Minerva parpadea un poco y cierra los ojos, girando poco la cara hacia él para buscarle. No se quita, claro, de hecho se mueve un poco buscándola también, medio cerrando los ojos. Pensando en la persuasión.
Ella... no tiene pensamientos tan elaborados. Al menos ahora. Esta pensando en besarle y ya.
Levanta una mano y ahí va el pelo a soltársele a ella y una vez más ahí van los besos a la mitad del pasillo.
Ugh, ¡no deberíais hacer esto! ¡Utiliza le maldito hechizo de invisibilidad!
Le recarga un poco contra la pared y la encierra un poco ahí, recargando las manos una a cada lado de ella porque Albus baila y baila.
Minerva le toma de la mandíbula dejándole, por lo menos eso la esconde un poco, aunque de nuevo la túnica con lunas y estrellas...
Es como un letrero con focos y flechas. Maldita sea, se lo ha dicho desde SIEMPRE.
Aun así, él se acerca bastante y sonríe con ojos bastante juguetones... pero aún no la besa.
¡¿Como que no?! ¡Ella sí!
Si ella sí le besa entonces no pasa nada, la besa a ella de vuelta obviamente.
¡Ja! Vencido en persuasión
¡No! Es que con besos no vale.
Pues con qué si no.
¡Hablando! Creo que le transfigura el pasillo, de un pasillo normal a uno con flores colgando... y las mariposas y pajaritos.
Ah, sí. Seguro pueden hacer eso luego. Cuando se le acabe la bomba de estrógenos y alcohol a Minerva. Que discreto.
Puede pasar Severus Snape como máximo exponente de la amargura y sensatez por el pasillo del amor a ver si contrarresta.
Severus Snape refunfuñando. Maldita sea con esta escuela, ¿qué ocurre?
Lo peor es que Minerva estaría de acuerdo si estuviera viendo todo eso.
Es RIDÍCULA. Seguro es un alumno de séptimo. El imbécil de Sirius Black o algo así, ¡como sea James Potter el ridículo que está haciendo esto en los pasillos! Va a bajarle cincuenta puntos al responsable de esto... que aún no sabe quién es.
Ah. A lo mejor es Lily la que lo haceeee.
Maldita sea... empieza a decir "cincuenta puntos menos para..."
Chan chan chaaaan. Anda, quítale puntos a Gryffindor.
—¿¡P-Para... G-Gryffindor?! Oh ¡por Merlín!
No sé si Minerva realmente oiga... ¿Aunque podrías todos dejar de quitarle punto a Gryffindor debido a ellos dos?
Gracias, Sirius.
¡Pues es que! ¡Con lo que cuesta ganarlos!
—De hecho... merecerían doscientos puntos menos. ¡Esto es pésimo ejemplo!
—Vete a hacer mayonesa, Snivellus —protesta Sirius.
—¿¡Que haces aquí?!
—¡Pedir que no bajes puntos a Gryffindor!

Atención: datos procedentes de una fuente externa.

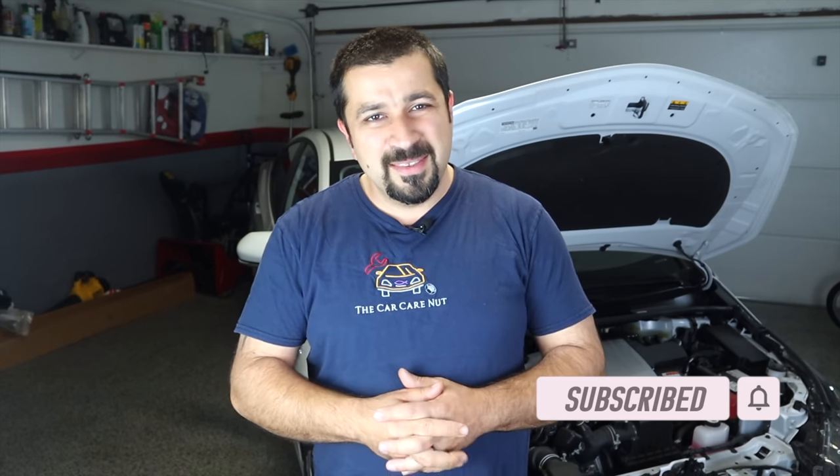Before we get started, if you're new to the channel welcome, consider subscribing. For my regular viewers, thank you so much for watching, and without further ado let's go check this thing out.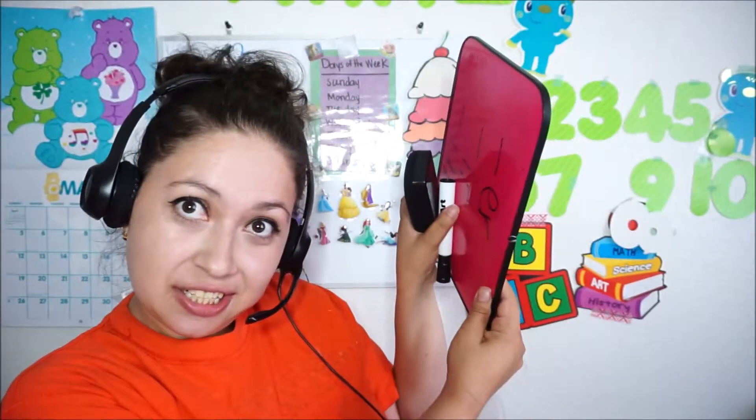That is all for today's video on what you actually need for your classes. To summarize: a headset, a computer, a background, a whiteboard or pink board, and flashcards. In addition, I recommend a light and props — little tinkles and trinkets like that.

—¡Pues lo merecen! ¡Son Gryffindor los dos! —Se los va a seguir bajando hasta el último día que pueda.
—Otra vez eeeeese asunto.
—¡Pues es que son un par de indecentes!
—Nah, eres tú que eres un amargado.
—¡Que no!
—Claro que sí.
—Quinientos puntos menos para Gryffindor.
—¡Ugh! ¡No seas idiota! Se los vamos a bajar a Slytherin por tocacojones y feos.
—¡Nooo!
—Oh, sí.
—O sea es el director y la subdire ahí besuqueándose EN EL PASILLO ridículamente con maripositas.
—¿Y? Bueno, sí, pero a nadie se le bajan puntos por ridiculez. A no ser que sea Sly.
—Sí se les bajan a ellos por ridículos.
—A ti, ¡por pesado!
—Tú no puedes bajar nada.
—¡Pero tengo influencias!
—¿¡Cuáles?!
—Pues... Remus.
—¡Remus es decente!
—E influneciable.
—¡No!
—Claro que sí y más ahora que está todo sensiiiible.
Ahora mismo está siendo un lobo.
¡Aun no! ¿Ya es de noche? ¡Maldita sea! Sale corriendo a por él.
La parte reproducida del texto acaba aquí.